_What is needed_
Take the lines from the one containing "NOA Issa-Onilu and Navy officer" through the final line below and restate them exactly. Omit the pictures.

_Given data_
··········
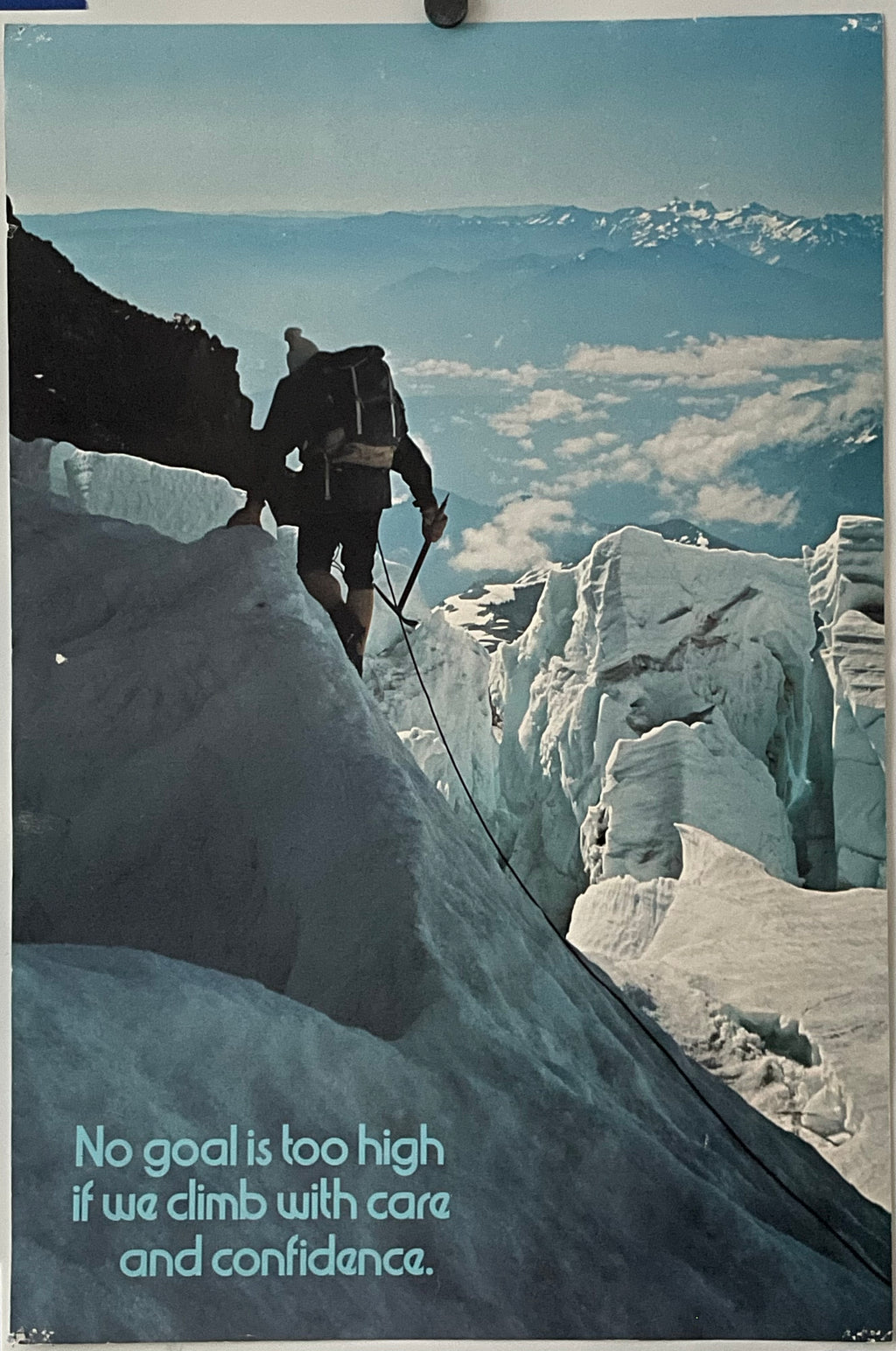 Vintage poster featuring a climber on a snowy mountain with a quote 'No goal is too high if we climb with care and confidence'.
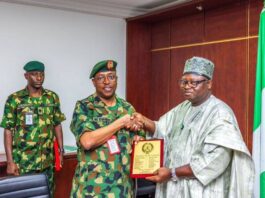 NOA Issa-Onilu and Navy officer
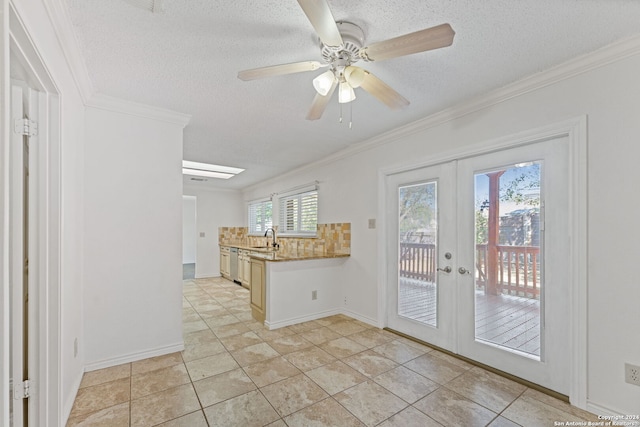 kitchen with french doors, a wealth of natural light, and crown molding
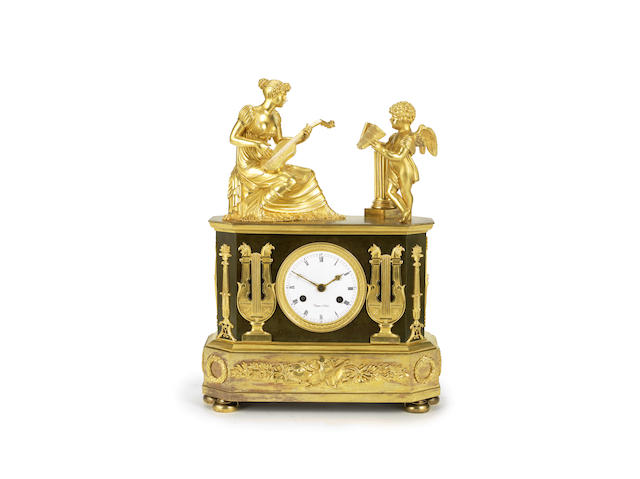 Appraisal: An Empire gilt and patinated bronze figural mantel clock the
··········
_Result of this task_
 NOA Issa-Onilu and Navy officer
 kitchen with french doors, a wealth of natural light, and crown molding
 Appraisal: An Empire gilt and patinated bronze figural mantel clock the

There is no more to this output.